=== Begin Enclosure ===

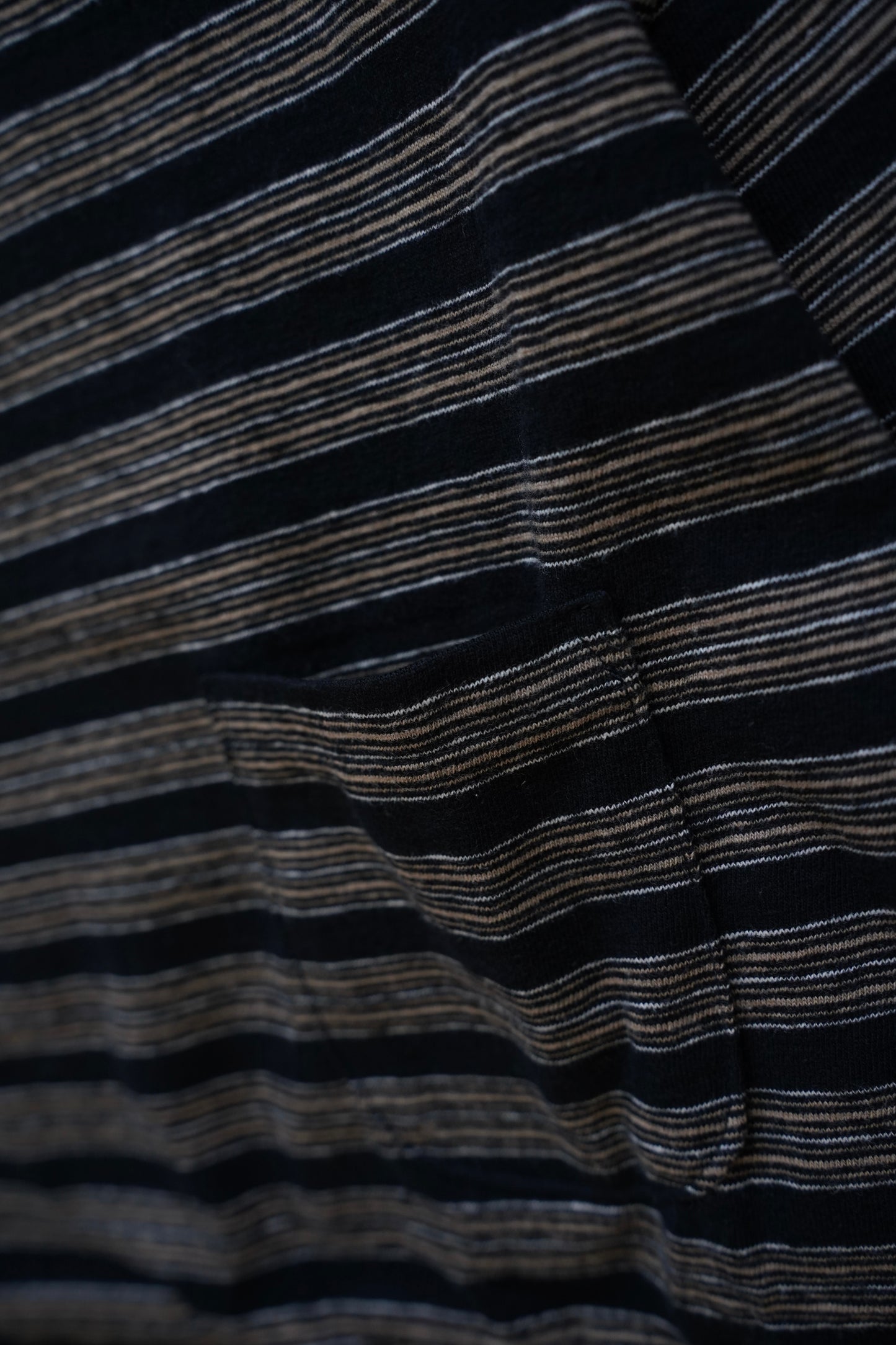 Horizontal Striped L/S Tee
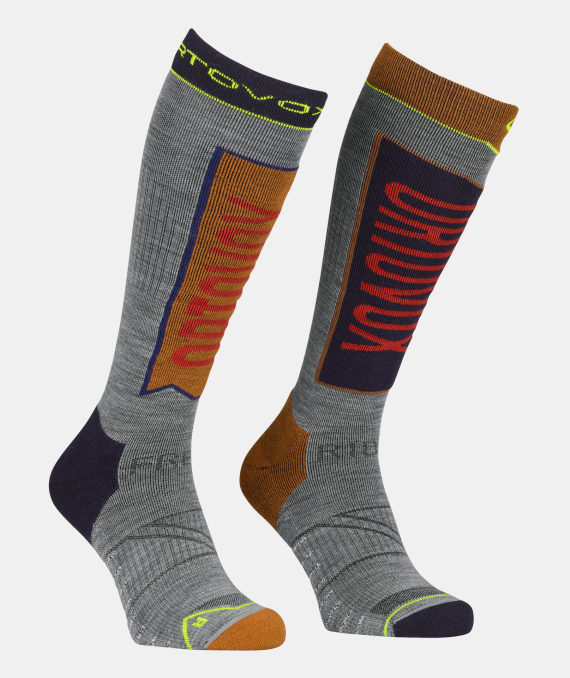 ORTOVOX - CALZE SCI FREERIDE LONG  CLAY ORANGE 54400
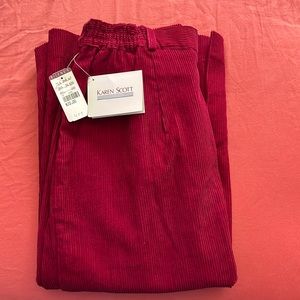 Vintage Red Corduroy Midi Skirt NWT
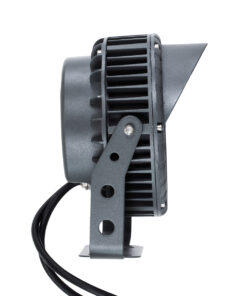 GloboStar® TREELIGHT-VINA 90362 Σποτ Φωτισμού με Αντιθαμβωτική Γρίλια Ειδικό για Φυτά – Δέντρα με Βάση Κήπου / Καρφωτό LED 24W 2040lm 10° DC 24V Αδιάβροχο IP65 L21.5 x W18.3 x H14cm RGBW DMX512 – Γκρι Ανθρακί – 3 Years Warranty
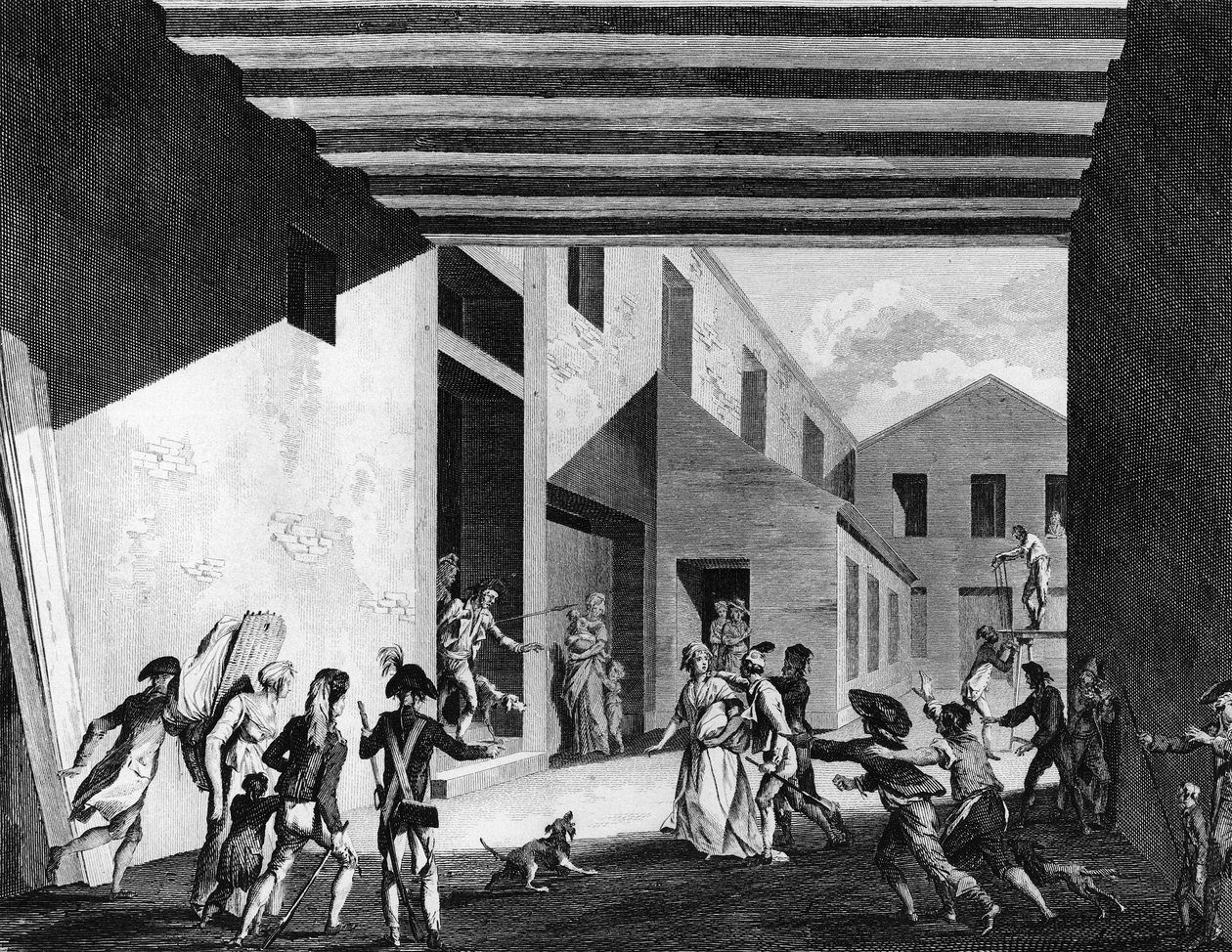 Révolution française et mouvement anti-révolutionnaire : Arrestation de Cécile Renaud (ou Cécile Aimée Renault) - School French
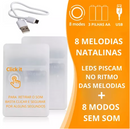 Cascata Pisca Pisca 10 Bolas 8 Musicas Natalinas Bivolt Usb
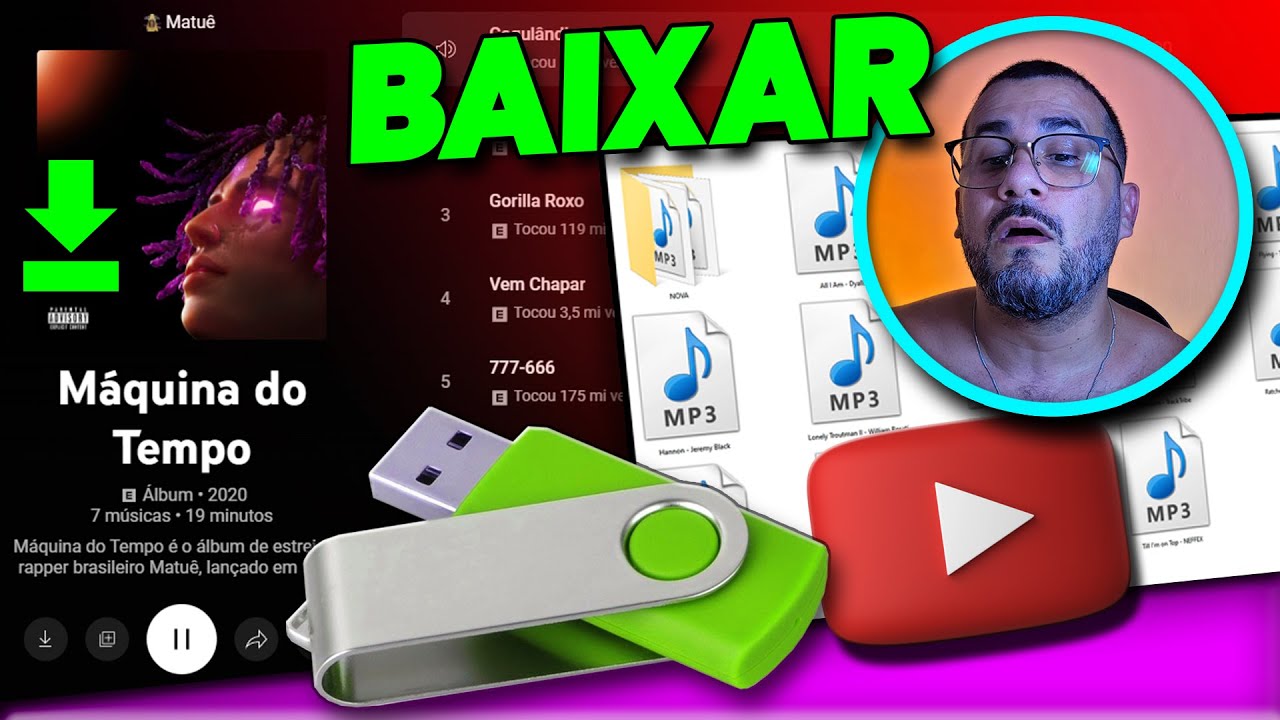 Como baixar música do YouTube e passar para o pendrive - YouTube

=== End Enclosure ===

WORK INSTRUCTION: Word for word, retype the lines from the one with "GloboStar® TREELIGHT-VINA 90362" through the final line of the data, both included. No pictures belong in the copy.

SOLUTION TO THIS TASK:
 GloboStar® TREELIGHT-VINA 90362 Σποτ Φωτισμού με Αντιθαμβωτική Γρίλια Ειδικό για Φυτά – Δέντρα με Βάση Κήπου / Καρφωτό LED 24W 2040lm 10° DC 24V Αδιάβροχο IP65 L21.5 x W18.3 x H14cm RGBW DMX512 – Γκρι Ανθρακί – 3 Years Warranty
 Révolution française et mouvement anti-révolutionnaire : Arrestation de Cécile Renaud (ou Cécile Aimée Renault) - School French
 Cascata Pisca Pisca 10 Bolas 8 Musicas Natalinas Bivolt Usb
 Como baixar música do YouTube e passar para o pendrive - YouTube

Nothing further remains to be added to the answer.